* The task *
The whole listing, exactly as given: write it out, leaving out each image.

* Information provided *
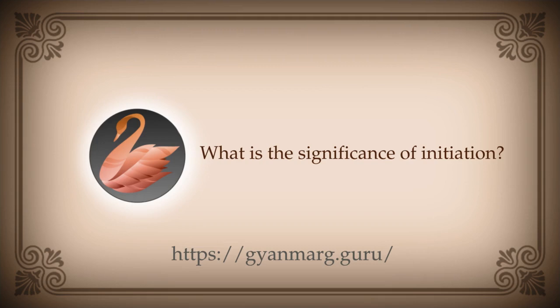Vipin is asking: what is initiation — are all seekers that do the program initiated? Initiation simply means beginning — to initialize, to initiate the process. On the path of knowledge there is no formal initiation. On other paths there is a big ritual when you start. On the path of knowledge, as soon as you decide that I want to take up this path and progress on it, that is done — initiation has happened, nothing else.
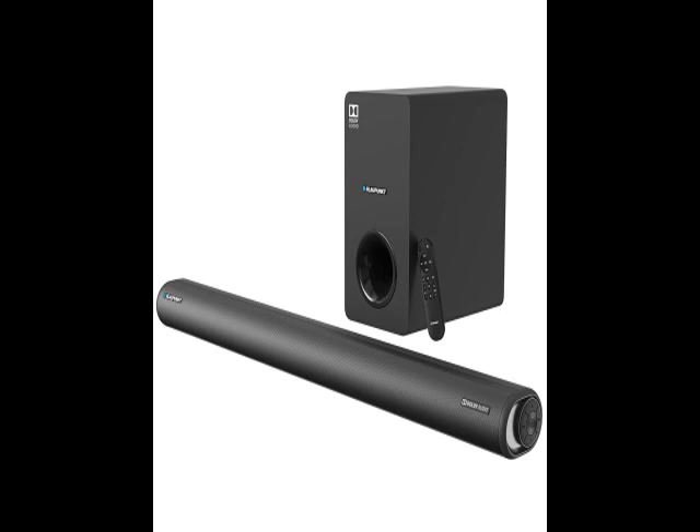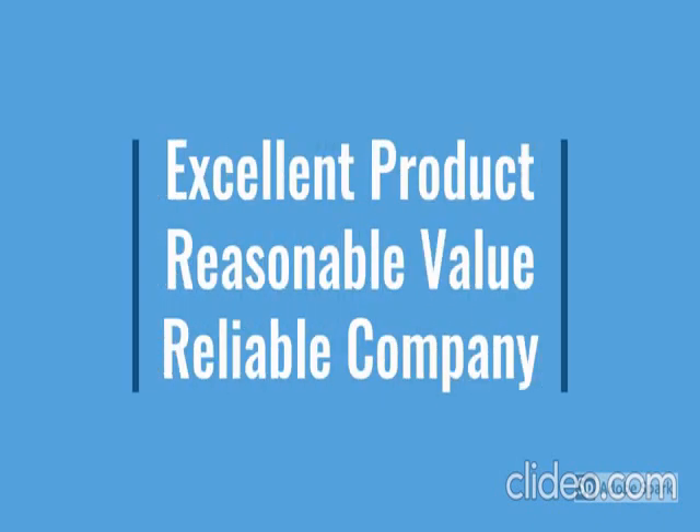So guys, this product has a lot of features: easy to use, latest design, durable, reliable, no maintenance.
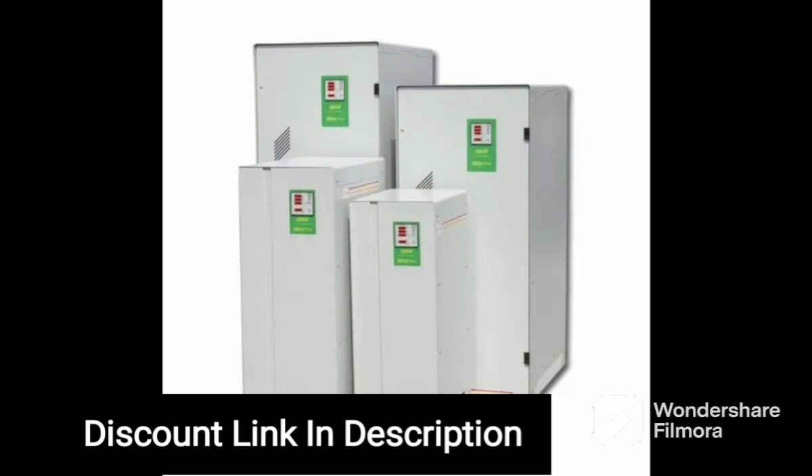Overall, the MissileGrid 1 OK VA Voltage Stabilizer is a reliable and cost-effective solution for anyone looking to protect their appliances and save money on their electricity bills.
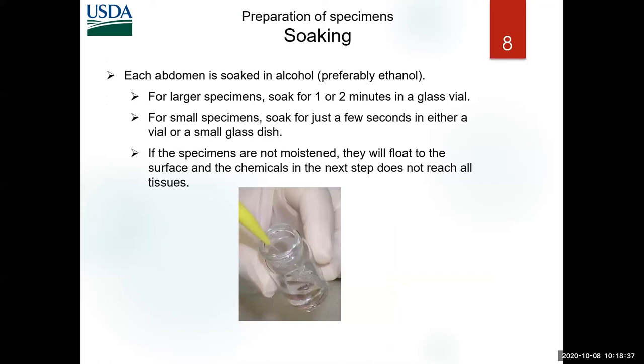The first step before KOH is soaking the abdomen in alcohol — just a couple of minutes for a large specimen, but for our little specimens it's just a few seconds. For Helicoverpa as a first practice, it's one to two minutes.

* Answer space *
Vipin is asking: what is initiation — are all seekers that do the program initiated? Initiation simply means beginning — to initialize, to initiate the process. On the path of knowledge there is no formal initiation. On other paths there is a big ritual when you start. On the path of knowledge, as soon as you decide that I want to take up this path and progress on it, that is done — initiation has happened, nothing else.
So guys, this product has a lot of features: easy to use, latest design, durable, reliable, no maintenance.
Overall, the MissileGrid 1 OK VA Voltage Stabilizer is a reliable and cost-effective solution for anyone looking to protect their appliances and save money on their electricity bills.
The first step before KOH is soaking the abdomen in alcohol — just a couple of minutes for a large specimen, but for our little specimens it's just a few seconds. For Helicoverpa as a first practice, it's one to two minutes.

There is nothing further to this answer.